The most terribly momentous period of the Jewish nation was at the time when Jesus was in the midst of them. Yet it was this generation, that had been honored and favored above all people on the earth, that was guilty of rejecting all the importunity of the yearning love of Christ.

Anguish, deep and unfathomable, pressed upon the soul of Christ; and in the intense pain of unrequited love, he exclaimed, “O Jerusalem, Jerusalem, thou that killest the prophets, and stonest them which are sent unto thee,” not content to receive with indifference and spurning the message sent by God's servants unto you, your hatred against God you have vented upon his messengers. You will not suffer them to live. “How often would I have gathered thy children together, even as a hen gathereth her chickens under her wings, and ye would not!” The same work that you do to my messengers whom I send will be reflected back upon you. Refusing to be gathered, you will realize what it means to be scattered, to be the despised of all nations.

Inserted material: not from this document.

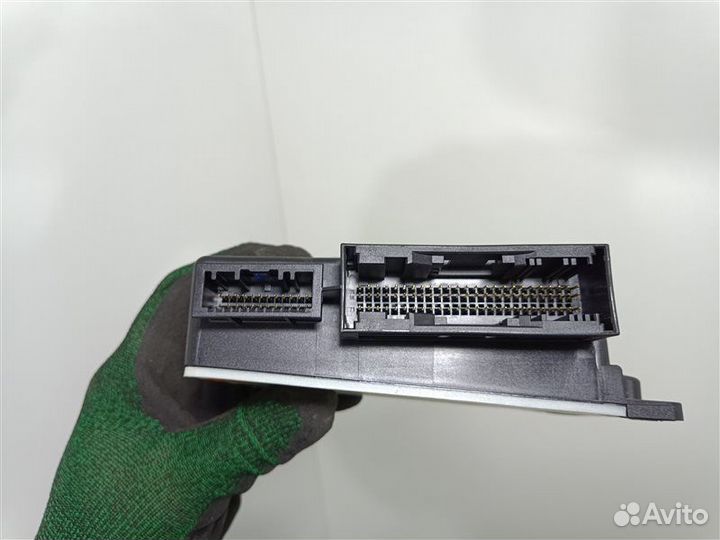 Блок управления AirBag Renault Fluence 1.6 2012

In the lamentation of Christ, the very heart of God was pouring itself forth in his representative. This was the separation struggle, the mysterious farewell of the long-suffering love of the Deity; it was the expression of abused, rejected love. Christ's representation is a most striking one. He would have gathered his chosen people together as a hen gathers her chickens under her wing. He would have given them protection, they would not have been left defenseless. When the hen sees that her brood is in danger, she calls them under her sheltering wings. She will resist any enemy that may approach. She will die rather than that those who have fled for protection under her sheltering wings should suffer. This will Christ do for those who fly to him for refuge. He will gather his children together under his mediatorial wings, and there they will be safe.

But the chosen nation of God must receive its eternal retribution for its refusal of the Son of God. “Behold, your house is left unto you desolate,” Christ said. Christ himself was the Lord of the temple. When he should leave it, its glory would depart,—that glory once visible over the mercy-seat in the holy of holies, where the high priest entered only once a year, on the great day of atonement, with the blood of the slain victim,—typical of the blood of the Son of God,—and sprinkled it upon the altar.

The Jewish nation would none of the counsels of Christ; they despised all his reproofs. They would not come to him, that they might have life. Therefore he declared to them, Your destruction lies at your own door; you yourselves are responsible. “Behold, your house is left unto you desolate. For I say unto you, Ye shall not see me henceforth, till ye shall say, Blessed is he that cometh in the name of the Lord.”